If you are lucky enough to have Wi-Fi connection where you are having your reunion, and most venues do have this available these days, you simply bring a laptop, tablet, or even your cell phone, and connect to the Internet. there you can view your family tree online if you have posted it to a website for safe keeping. But what if, like me, your reunion is usually held in a rural area, where even dial-up connection is not available?
Well, one way you can bring it, is simply on your laptop. Even a large file can be saved to your laptop. Or, you can save it to this handy, dandy thumb drive.
Simply plug it into your USB port, and you can view it. Why do I mention this, when you will still need your laptop to use it? Well, simply because some individuals don't keep their digital records and photos on their hard drives. I don't know about other people, but my digital records are so huge that I keep them separate from my hard drive on an external 2-TB hard drive. I know what you're going to ask next!
So, how do you put those huge digital files on a single thumb drive? Well, it all depends upon how large your files are. So how big of thumb drive can you get? I have searched high and low, and the absolute best place I have found to purchase a 2 TB thumb drive is on Amazon. Simply type in 2 TB thumb drive in their search window, and you will find them as economic as less than $10, and greatly more expensive at over $1100. I would go for something with a reliable name like Seagate, or Toshiba. If you are planning to keep your digital files on a thumb drive permanently, I would probably plan on getting a Kingston Security thumb drive. This can cost you upwards of about $1400, but is definitely worth a consideration if you are protecting precious digital records and irreplaceable photographs.
You can also bring hard copies of your files, rather than your laptop or thumb drive. For me, that would equal approximately 150 3-inch binders! But, someone might want to look through all of those notebooks!
You might also bring a condensed version, sans copies of records or photographs. This might be easier to carry. But even printed out, without records and photographs, my files would be well over 8,000 pages. Or about 10 large 4-inch bound books. A bit daunting.
I find it much easier, to simply load my laptop into the car, and bring along a thumb drive with my photos and records. The genealogy program I use is fully searchable by name, date, or location. I can assist anyone who needs information directly from there.
You might also want to bring along some blank data disks (CD disks) to burn copies of records for individuals who might want them. Or ask those who want to get copies of records to bring their own thumb drive. This would allow you to share your files if you choose.

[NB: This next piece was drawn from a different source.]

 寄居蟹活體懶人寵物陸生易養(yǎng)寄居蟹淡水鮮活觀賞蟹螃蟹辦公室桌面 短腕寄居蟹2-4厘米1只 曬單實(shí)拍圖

One other hint, which I have used many times in our family reunion, is to set up a slideshow, that runs in a continuous play mode on my laptop. When I am not available to show individuals photos, they can always stop by the table and watch as the slideshow plays. Many are excited when they see photographs of those who have passed on as they play.
I also, usually, keep a list of names and addresses, of those who would like complete copies of my files, which I am happy to share with them in a gedcom file, as most genealogy programs utilize this type of file. You can choose to include photos and records if you like when preparing your gedcom file. This file can be compressed (zipped) and reopened when it reaches its destination.
I hope this helps as you prepare to share your files at your family reunion!